[[ Input data open ]]

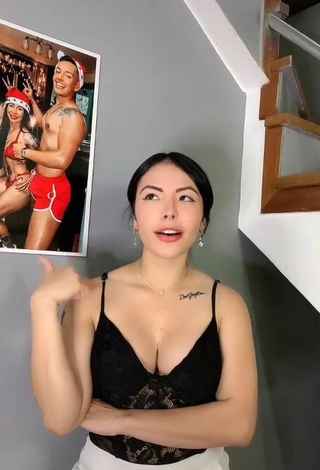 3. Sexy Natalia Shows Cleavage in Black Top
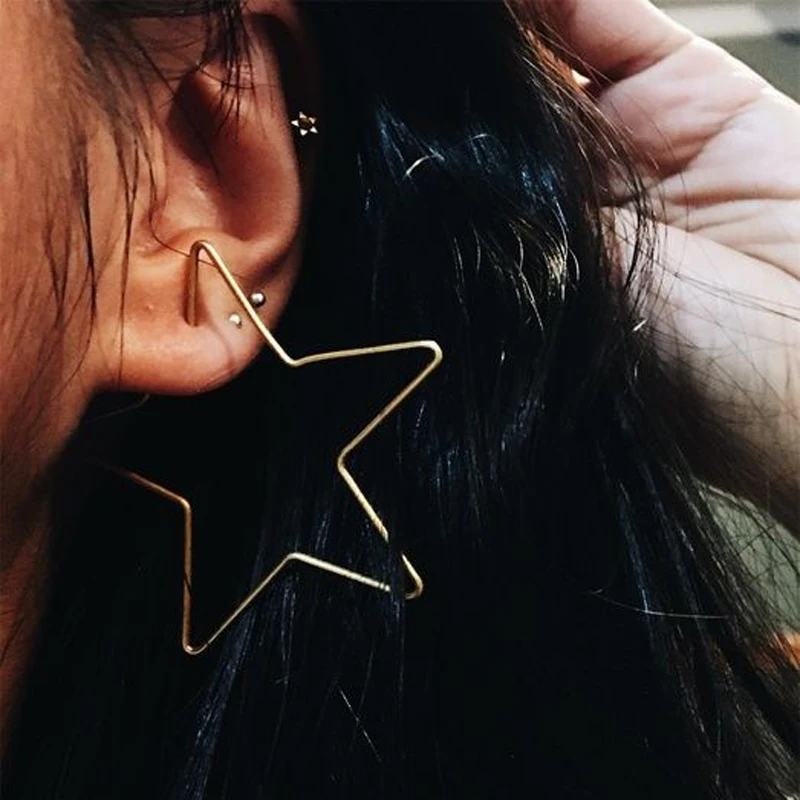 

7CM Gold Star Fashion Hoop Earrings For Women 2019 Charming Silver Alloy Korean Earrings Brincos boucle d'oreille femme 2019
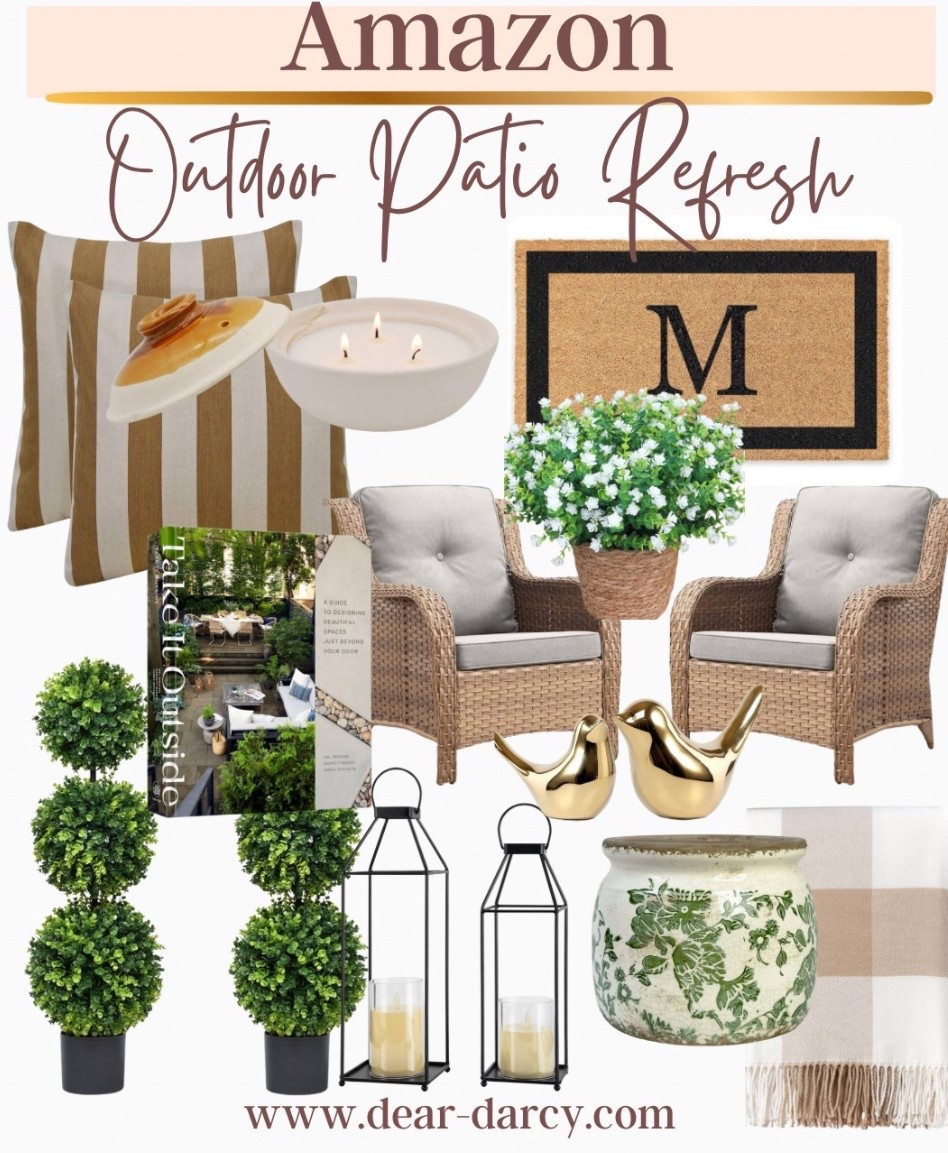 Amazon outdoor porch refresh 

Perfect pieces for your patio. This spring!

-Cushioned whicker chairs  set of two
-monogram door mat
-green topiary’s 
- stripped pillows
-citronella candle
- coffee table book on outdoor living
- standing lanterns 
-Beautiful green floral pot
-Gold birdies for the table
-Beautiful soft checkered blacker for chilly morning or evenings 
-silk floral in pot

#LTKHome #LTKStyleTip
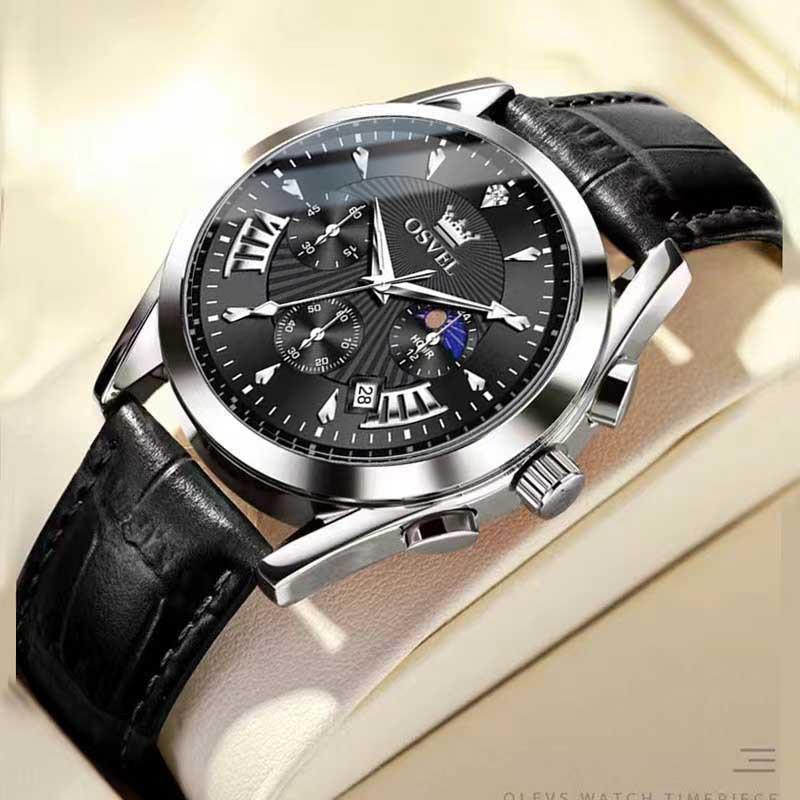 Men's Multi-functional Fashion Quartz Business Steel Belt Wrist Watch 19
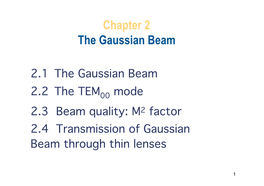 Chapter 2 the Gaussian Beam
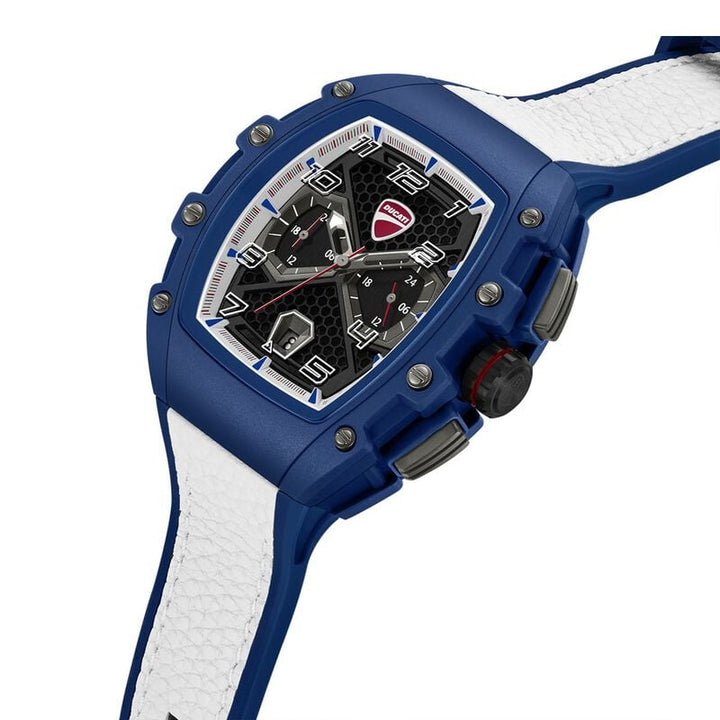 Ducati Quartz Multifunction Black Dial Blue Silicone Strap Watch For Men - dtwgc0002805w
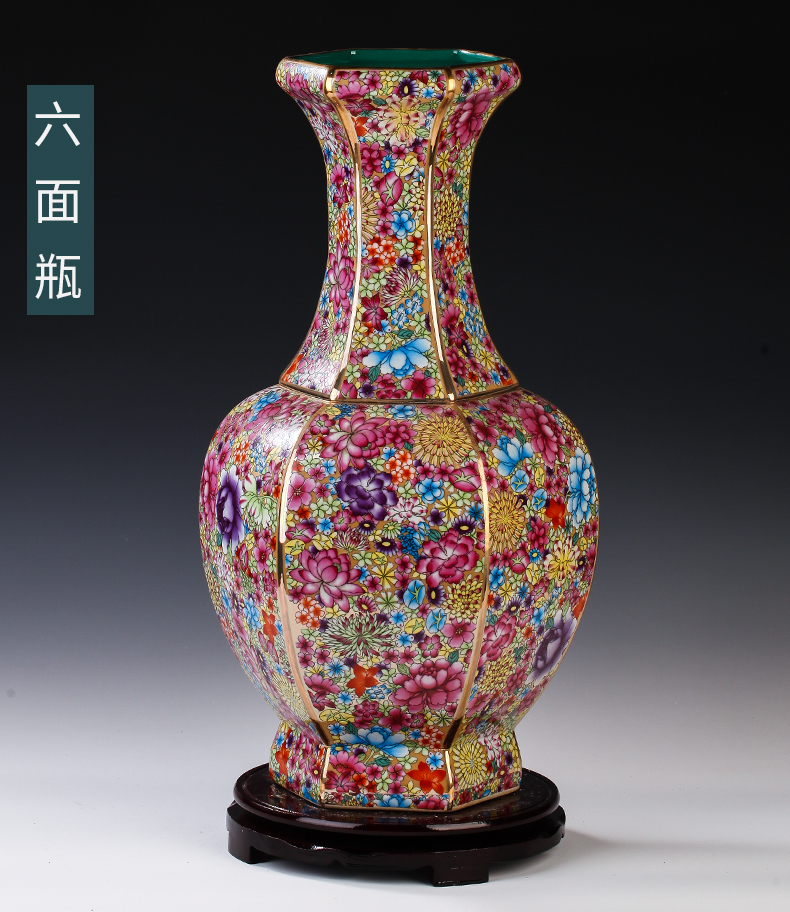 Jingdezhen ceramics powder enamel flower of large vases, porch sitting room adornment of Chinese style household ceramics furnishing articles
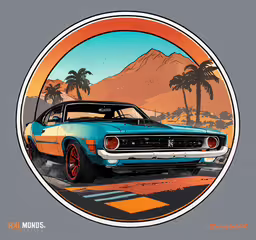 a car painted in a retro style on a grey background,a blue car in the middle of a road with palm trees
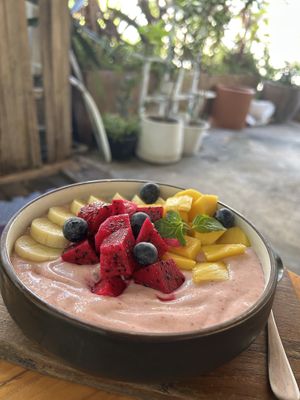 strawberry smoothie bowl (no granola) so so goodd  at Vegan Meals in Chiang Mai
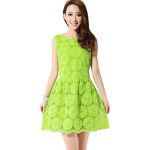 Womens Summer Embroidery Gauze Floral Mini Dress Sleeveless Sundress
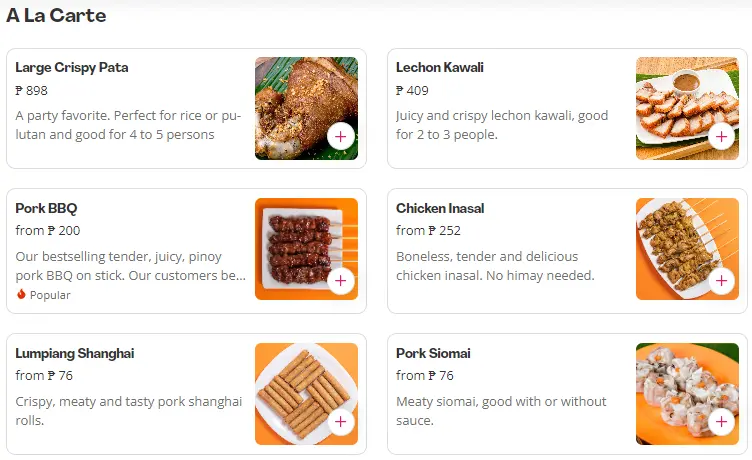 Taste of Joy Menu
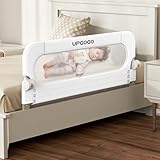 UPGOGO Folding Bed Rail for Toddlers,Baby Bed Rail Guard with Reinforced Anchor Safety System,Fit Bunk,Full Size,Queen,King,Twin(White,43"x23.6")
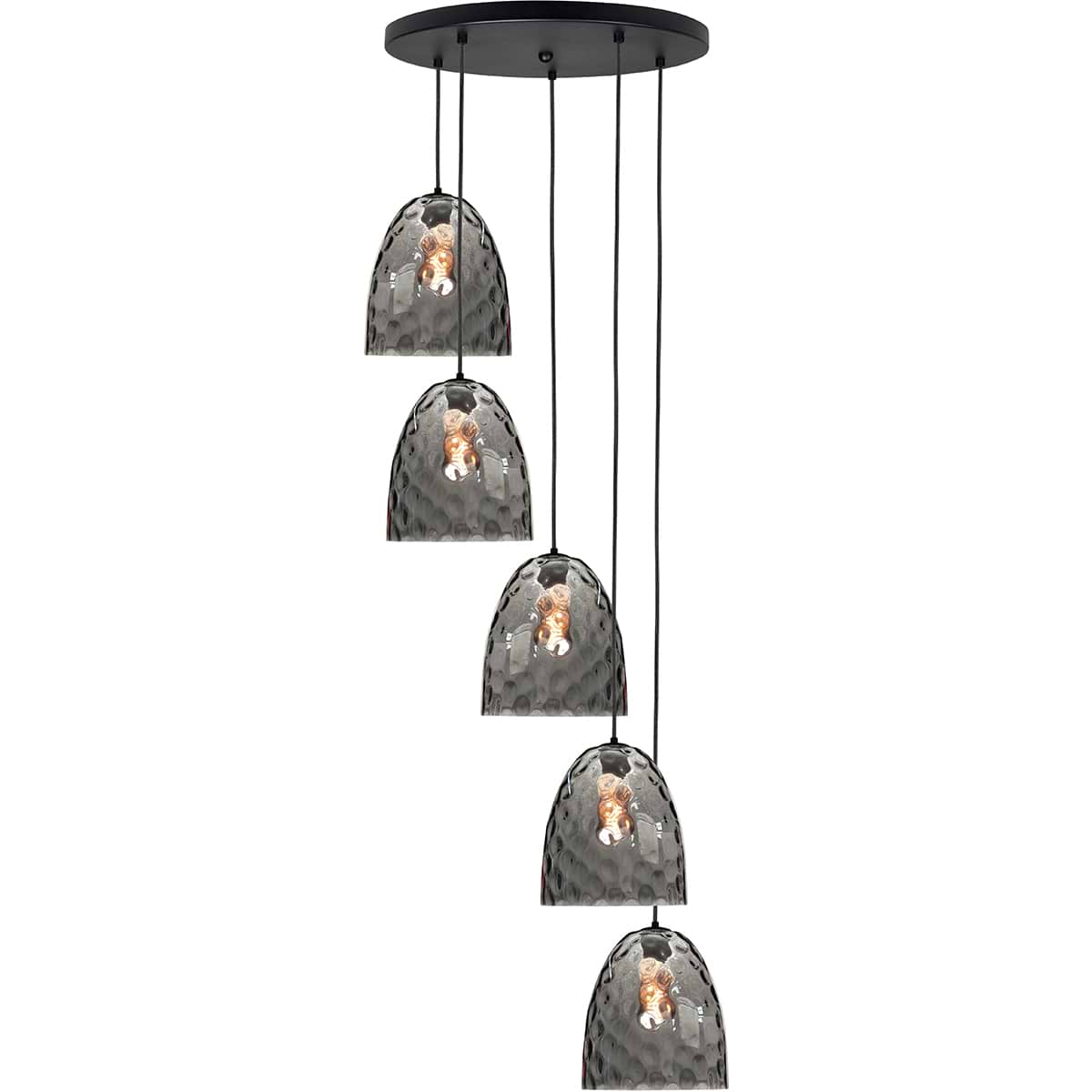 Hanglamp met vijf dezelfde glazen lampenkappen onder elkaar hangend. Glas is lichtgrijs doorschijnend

[[ Input data closed ]]

- [Task brief]:
Give back the records above exactly, with no pictures.

- [Solution to the problem]:
 3. Sexy Natalia Shows Cleavage in Black Top

7CM Gold Star Fashion Hoop Earrings For Women 2019 Charming Silver Alloy Korean Earrings Brincos boucle d'oreille femme 2019
 Amazon outdoor porch refresh 

Perfect pieces for your patio. This spring!

-Cushioned whicker chairs  set of two
-monogram door mat
-green topiary’s 
- stripped pillows
-citronella candle
- coffee table book on outdoor living
- standing lanterns 
-Beautiful green floral pot
-Gold birdies for the table
-Beautiful soft checkered blacker for chilly morning or evenings 
-silk floral in pot

#LTKHome #LTKStyleTip
 Men's Multi-functional Fashion Quartz Business Steel Belt Wrist Watch 19
 Chapter 2 the Gaussian Beam
 Ducati Quartz Multifunction Black Dial Blue Silicone Strap Watch For Men - dtwgc0002805w
 Jingdezhen ceramics powder enamel flower of large vases, porch sitting room adornment of Chinese style household ceramics furnishing articles
 a car painted in a retro style on a grey background,a blue car in the middle of a road with palm trees
 strawberry smoothie bowl (no granola) so so goodd  at Vegan Meals in Chiang Mai
 Womens Summer Embroidery Gauze Floral Mini Dress Sleeveless Sundress
 Taste of Joy Menu
 UPGOGO Folding Bed Rail for Toddlers,Baby Bed Rail Guard with Reinforced Anchor Safety System,Fit Bunk,Full Size,Queen,King,Twin(White,43"x23.6")
 Hanglamp met vijf dezelfde glazen lampenkappen onder elkaar hangend. Glas is lichtgrijs doorschijnend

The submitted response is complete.